О. Михаил вопросительно смотрел на меня.
— Есть ведь это в природе человека — зуд к пакостничеству, даже совершенно бескорыстному. Этак исподтишка укусить, столкнуть в яму, в воду — единственно потому, что ловко и безнаказанно можно это сделать и отчего бы не поглядеть, как будет барахтаться в испуге или извиваться от боли человек, испытать минутную злую радость… Вот этот-то почтенный господин и донес о моих разъяснениях манифеста. Ну, конечно, сейчас дознание, жандармский офицер приезжал. И несдобровать бы мне, но спасло лишь невежество доносителя и его союзников — человека четыре их оказалось: не сумели они указать, как именно говорил я о свободах. А мужички прихожане — спасибо им — уперлись: «Ничего, мол, нам вредного не говорил, а вот, дескать, не пейте водки, дурными словами не бранитесь, вот и все…» Ну и жандарм-то попался не из очень усердствующих. Однако я-то праздновал трусу, — время такое… Не чаял выбраться. Да и после, в академии, года два ждал, как бы не всплыло насчет моих разглагольствований: а ну-ка, мол, докопаются, узнают? Книжки все, газетки тогда же сжег. Ну и совсем потерял веру в мужичка… даже в человека. Достоевского все вспоминал: отвлеченно, мол, еще можно любить ближнего, даже иногда издали, но вблизи почти никогда…
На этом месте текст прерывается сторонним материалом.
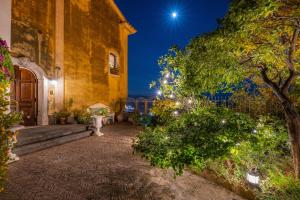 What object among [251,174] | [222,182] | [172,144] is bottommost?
[222,182]

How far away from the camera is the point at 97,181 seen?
Answer: 13.6ft

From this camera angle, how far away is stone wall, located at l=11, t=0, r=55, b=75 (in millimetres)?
8086

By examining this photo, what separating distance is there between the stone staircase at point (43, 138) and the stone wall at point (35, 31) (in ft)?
11.2

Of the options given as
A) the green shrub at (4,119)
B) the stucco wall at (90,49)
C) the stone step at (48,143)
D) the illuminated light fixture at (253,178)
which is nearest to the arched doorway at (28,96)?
the stucco wall at (90,49)

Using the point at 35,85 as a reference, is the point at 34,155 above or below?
below

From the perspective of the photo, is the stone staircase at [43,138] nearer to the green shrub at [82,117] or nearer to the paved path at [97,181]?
the paved path at [97,181]

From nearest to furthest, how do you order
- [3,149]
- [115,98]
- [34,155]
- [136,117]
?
[3,149]
[34,155]
[136,117]
[115,98]

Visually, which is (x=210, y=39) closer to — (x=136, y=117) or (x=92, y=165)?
(x=92, y=165)

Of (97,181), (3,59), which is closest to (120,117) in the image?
(97,181)

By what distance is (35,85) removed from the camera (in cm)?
934

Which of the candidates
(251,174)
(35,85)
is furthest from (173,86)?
(35,85)

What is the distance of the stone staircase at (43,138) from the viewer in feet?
19.9

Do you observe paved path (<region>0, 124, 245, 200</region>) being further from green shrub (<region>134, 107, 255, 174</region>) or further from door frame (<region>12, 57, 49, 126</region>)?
door frame (<region>12, 57, 49, 126</region>)

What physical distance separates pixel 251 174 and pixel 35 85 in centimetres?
968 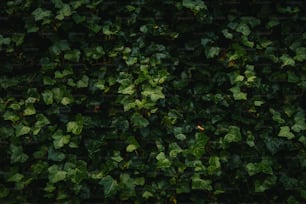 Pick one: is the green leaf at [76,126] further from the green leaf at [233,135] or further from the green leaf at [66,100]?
the green leaf at [233,135]

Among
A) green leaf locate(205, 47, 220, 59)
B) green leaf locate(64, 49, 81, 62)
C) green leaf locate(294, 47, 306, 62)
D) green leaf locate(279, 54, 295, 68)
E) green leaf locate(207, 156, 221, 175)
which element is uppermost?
green leaf locate(294, 47, 306, 62)

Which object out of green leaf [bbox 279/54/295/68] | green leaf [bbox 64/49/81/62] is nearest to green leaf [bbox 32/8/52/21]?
green leaf [bbox 64/49/81/62]

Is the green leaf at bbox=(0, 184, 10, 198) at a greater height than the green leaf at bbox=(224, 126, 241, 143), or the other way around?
the green leaf at bbox=(224, 126, 241, 143)

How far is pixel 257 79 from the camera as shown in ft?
8.81

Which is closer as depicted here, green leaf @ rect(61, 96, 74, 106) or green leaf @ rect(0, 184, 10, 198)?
green leaf @ rect(61, 96, 74, 106)

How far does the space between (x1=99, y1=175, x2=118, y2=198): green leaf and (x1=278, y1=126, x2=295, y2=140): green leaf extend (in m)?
1.11

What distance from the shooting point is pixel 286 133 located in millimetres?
2631

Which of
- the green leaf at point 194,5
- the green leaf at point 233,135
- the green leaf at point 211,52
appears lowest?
the green leaf at point 233,135

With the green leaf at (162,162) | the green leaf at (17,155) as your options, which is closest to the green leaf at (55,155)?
the green leaf at (17,155)

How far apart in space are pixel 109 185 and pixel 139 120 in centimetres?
46

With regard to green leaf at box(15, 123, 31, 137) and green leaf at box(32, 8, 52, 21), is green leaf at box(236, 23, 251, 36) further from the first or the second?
green leaf at box(15, 123, 31, 137)

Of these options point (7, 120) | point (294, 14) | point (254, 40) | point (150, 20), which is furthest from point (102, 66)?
point (294, 14)

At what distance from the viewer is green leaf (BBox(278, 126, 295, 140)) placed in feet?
8.61

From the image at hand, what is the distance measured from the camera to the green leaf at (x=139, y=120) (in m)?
2.63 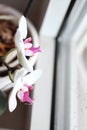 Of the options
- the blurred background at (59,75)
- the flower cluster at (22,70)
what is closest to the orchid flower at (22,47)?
the flower cluster at (22,70)

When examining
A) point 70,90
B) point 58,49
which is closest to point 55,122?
point 70,90

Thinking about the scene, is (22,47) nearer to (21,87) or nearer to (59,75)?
(21,87)

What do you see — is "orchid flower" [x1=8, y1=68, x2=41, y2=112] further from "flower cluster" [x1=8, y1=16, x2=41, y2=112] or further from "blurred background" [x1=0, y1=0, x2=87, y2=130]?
"blurred background" [x1=0, y1=0, x2=87, y2=130]

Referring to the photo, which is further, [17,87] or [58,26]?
[58,26]

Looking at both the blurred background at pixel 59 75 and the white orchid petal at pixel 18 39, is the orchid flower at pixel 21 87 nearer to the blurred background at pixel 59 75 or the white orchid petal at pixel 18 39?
the white orchid petal at pixel 18 39

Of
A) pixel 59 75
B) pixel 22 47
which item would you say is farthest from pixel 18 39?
pixel 59 75

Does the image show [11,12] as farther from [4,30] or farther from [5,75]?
[5,75]

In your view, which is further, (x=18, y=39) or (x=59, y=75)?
(x=59, y=75)

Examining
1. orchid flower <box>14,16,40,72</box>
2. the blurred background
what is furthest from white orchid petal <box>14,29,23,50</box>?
the blurred background
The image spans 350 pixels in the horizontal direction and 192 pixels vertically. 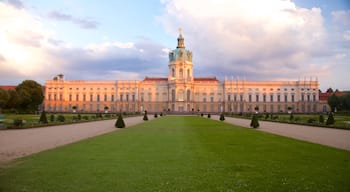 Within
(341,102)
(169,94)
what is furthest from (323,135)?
(169,94)

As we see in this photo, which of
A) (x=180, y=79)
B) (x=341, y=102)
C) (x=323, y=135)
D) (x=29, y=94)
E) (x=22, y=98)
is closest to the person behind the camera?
(x=323, y=135)

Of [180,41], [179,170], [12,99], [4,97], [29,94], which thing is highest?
[180,41]

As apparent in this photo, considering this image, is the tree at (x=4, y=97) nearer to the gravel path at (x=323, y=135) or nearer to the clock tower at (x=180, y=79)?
the clock tower at (x=180, y=79)

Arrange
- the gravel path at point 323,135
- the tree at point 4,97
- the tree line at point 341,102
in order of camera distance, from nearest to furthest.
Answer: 1. the gravel path at point 323,135
2. the tree at point 4,97
3. the tree line at point 341,102

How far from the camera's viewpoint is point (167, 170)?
782 centimetres

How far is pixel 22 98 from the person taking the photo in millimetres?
57000

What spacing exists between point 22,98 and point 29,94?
2534 millimetres

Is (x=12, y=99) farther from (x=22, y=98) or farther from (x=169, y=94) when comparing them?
(x=169, y=94)

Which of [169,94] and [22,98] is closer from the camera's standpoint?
[22,98]

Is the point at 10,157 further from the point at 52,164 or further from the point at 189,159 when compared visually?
the point at 189,159

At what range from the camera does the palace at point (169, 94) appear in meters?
88.6

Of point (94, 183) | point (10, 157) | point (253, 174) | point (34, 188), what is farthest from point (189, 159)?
point (10, 157)

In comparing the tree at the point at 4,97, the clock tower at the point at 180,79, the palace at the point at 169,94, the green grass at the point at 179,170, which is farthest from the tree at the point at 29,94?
the green grass at the point at 179,170

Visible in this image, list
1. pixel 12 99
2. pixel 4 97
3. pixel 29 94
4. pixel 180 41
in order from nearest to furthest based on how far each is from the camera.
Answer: pixel 4 97
pixel 12 99
pixel 29 94
pixel 180 41
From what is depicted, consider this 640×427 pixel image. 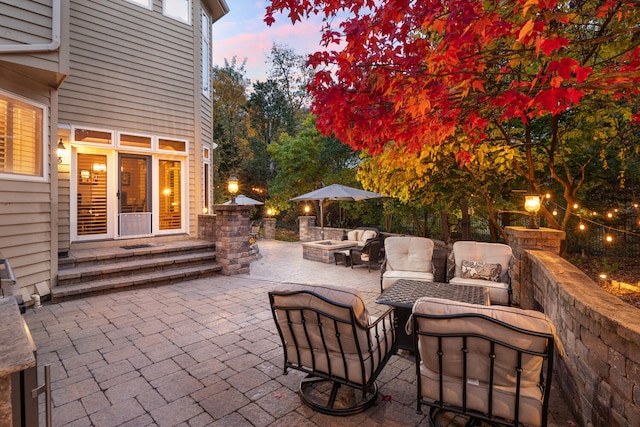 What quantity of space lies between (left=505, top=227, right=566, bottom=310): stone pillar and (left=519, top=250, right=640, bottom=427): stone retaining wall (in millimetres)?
1311

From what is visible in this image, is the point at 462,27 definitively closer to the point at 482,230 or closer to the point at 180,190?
the point at 180,190

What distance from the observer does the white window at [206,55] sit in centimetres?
911

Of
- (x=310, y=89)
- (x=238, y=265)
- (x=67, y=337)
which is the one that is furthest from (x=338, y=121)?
(x=238, y=265)

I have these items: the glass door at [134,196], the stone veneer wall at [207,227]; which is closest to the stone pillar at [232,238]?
the stone veneer wall at [207,227]

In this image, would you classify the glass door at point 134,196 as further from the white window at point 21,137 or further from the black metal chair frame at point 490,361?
the black metal chair frame at point 490,361

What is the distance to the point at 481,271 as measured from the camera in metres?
4.83

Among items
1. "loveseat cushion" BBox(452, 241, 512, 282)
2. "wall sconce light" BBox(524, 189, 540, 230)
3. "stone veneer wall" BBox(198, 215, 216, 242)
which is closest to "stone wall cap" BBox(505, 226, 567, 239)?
"wall sconce light" BBox(524, 189, 540, 230)

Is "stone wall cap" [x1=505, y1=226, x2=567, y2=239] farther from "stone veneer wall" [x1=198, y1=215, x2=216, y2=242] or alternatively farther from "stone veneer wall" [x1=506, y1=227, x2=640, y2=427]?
"stone veneer wall" [x1=198, y1=215, x2=216, y2=242]

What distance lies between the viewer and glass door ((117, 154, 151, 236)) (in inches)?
299

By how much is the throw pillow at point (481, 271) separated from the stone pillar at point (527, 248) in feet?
0.90

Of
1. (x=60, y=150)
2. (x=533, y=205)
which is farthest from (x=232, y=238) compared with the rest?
(x=533, y=205)

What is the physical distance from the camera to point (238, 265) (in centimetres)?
733

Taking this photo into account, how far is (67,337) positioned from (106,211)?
422 cm

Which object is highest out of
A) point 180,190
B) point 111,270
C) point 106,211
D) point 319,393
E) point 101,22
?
point 101,22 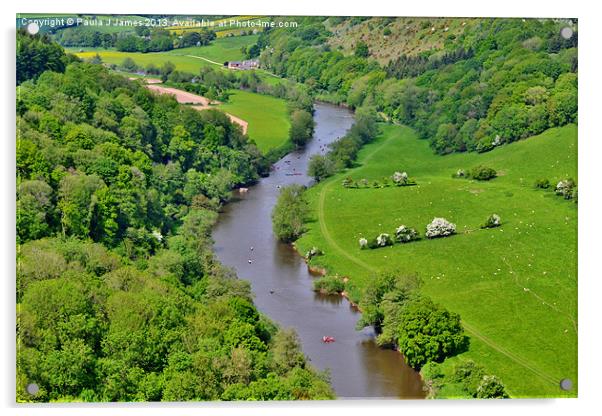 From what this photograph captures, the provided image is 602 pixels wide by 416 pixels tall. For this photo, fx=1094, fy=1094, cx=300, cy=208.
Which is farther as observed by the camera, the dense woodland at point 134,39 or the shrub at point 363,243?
the shrub at point 363,243

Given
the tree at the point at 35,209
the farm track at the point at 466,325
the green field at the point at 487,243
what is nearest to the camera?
the farm track at the point at 466,325

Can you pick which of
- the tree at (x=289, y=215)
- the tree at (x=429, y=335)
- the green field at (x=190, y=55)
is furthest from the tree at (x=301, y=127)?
the tree at (x=429, y=335)

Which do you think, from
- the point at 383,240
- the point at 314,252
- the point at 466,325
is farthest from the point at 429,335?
the point at 314,252

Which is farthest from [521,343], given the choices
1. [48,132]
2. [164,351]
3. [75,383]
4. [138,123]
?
[138,123]

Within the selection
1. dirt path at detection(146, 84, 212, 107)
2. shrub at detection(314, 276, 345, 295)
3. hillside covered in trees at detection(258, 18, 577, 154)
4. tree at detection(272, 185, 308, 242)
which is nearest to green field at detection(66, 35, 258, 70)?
hillside covered in trees at detection(258, 18, 577, 154)

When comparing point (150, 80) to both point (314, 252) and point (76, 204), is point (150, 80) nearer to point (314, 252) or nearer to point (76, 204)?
point (76, 204)

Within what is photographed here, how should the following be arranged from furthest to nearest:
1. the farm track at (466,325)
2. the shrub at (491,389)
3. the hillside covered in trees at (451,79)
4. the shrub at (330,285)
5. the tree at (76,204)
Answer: the shrub at (330,285) < the hillside covered in trees at (451,79) < the tree at (76,204) < the farm track at (466,325) < the shrub at (491,389)

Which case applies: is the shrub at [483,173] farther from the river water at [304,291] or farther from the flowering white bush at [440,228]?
the river water at [304,291]

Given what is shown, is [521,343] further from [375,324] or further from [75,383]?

Мы остановились и смотрели на пробегающий мимо берег, крутой, размытый, красно-глинистый, прорезанный ложбинками с мелколесьем. На самом гребне, над кручей, сидели в ряд и рассеянными точками маленькие человеческие фигурки и долго провожали наш пароход глазами. Ребятки или взрослые — не разобрать издали. Махали платочками, картузами, и этот ласковый привет от скуки звал к миру и единению, к забвению обиды и горечи… Тоненькие березки с зелеными косичками всползали наверх. Из-за гребня выглядывала зеленая крыша церковки, сверкала белостенная дачка с узорчатыми башенками и кружевными беседками. А дальше волнилась яркая зелень, карабкающаяся вверх, перепрыгивающая через коричневые плешины берега.